Monday, February 2, 2009

The Life-Changing Nothing

There is a neat website, Making Light, that repurposes or originates their own content, and I was led to it by another interesting website, The article that led me to Making Light is by a fellow named Peter Kleisler. I really hope his American Cargo Cult gets wider dissemination, because it takes an excellent look at the American Way of Not Thinking Too Much, and articulates it all really well, and in nice, short, punchy sentences that I can use for my own ends.

But that's not what I'm writing about today. Making Light also had a story about how a small thing can change your life.
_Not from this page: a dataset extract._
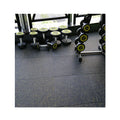 Sports Rubber Mat Rubber Mat Gym Flooring Shock Absorber Rubber Mat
The story is about a guy (speaking to a high school audience), how he killed his best friend while driving drunk. And that when he got back to school, he was pretty much shunned by everyone. At a point where he was thinking of ending it all, one of his fellow students casually offered him a stick of gum. "The gum," he said, "saved my life."

So Making Light suggested a topic: how did something small change your life? For me, it was a movie. I was living with two guys, paying a tiny rent to stay in a small bedroom while I worked my way from $4.10/hour all the way up to $4.35/hour as a gas station attendant.  I was twenty-five years old, no prospects, not much education (on paper), and neither ambition nor any sort of belief in myself. I wasn't suicidal so much as terrified. I wouldn't have had the courage to pull the trigger, any more than I had the courage to go out and do something with myself.

The Cotati Cinema ran two screens and charged a $1. Which, even in the mid-eighties, was a bargain. On my two days off (in the middle of the week), I went to see Runaway Train, with John Voight and Eric Roberts as escaped convicts (in Alaska) who get themselves locked in the back end of a four-engine stack, whose conductor has a heart attack after opening the throttle up. The engines basically go off on their own, and the two convicts are stuck trying to figure out what to do, and how to get off without being recaptured. Rebecca deMornay does a decidedly non-sexy turn as Sara, the Hostler Helper, and she's the only one on the train with any knowledge of how they work. The movie is preachy in many ways, but I hadn't heard any of these sermons before.

Manny (John Voight): Whatever doesn't kill me makes me stronger.


Sara: Hold me. I don't want to die alone. 
Manny: We all die alone. 

I don't know why, but a lot of this stuff that Manny spouted during the movie really inspired me to re-think my own capabilities. To look at myself, not from my father's perspective, but from no perspective in particular. To come out from under the layer of filters I was living in.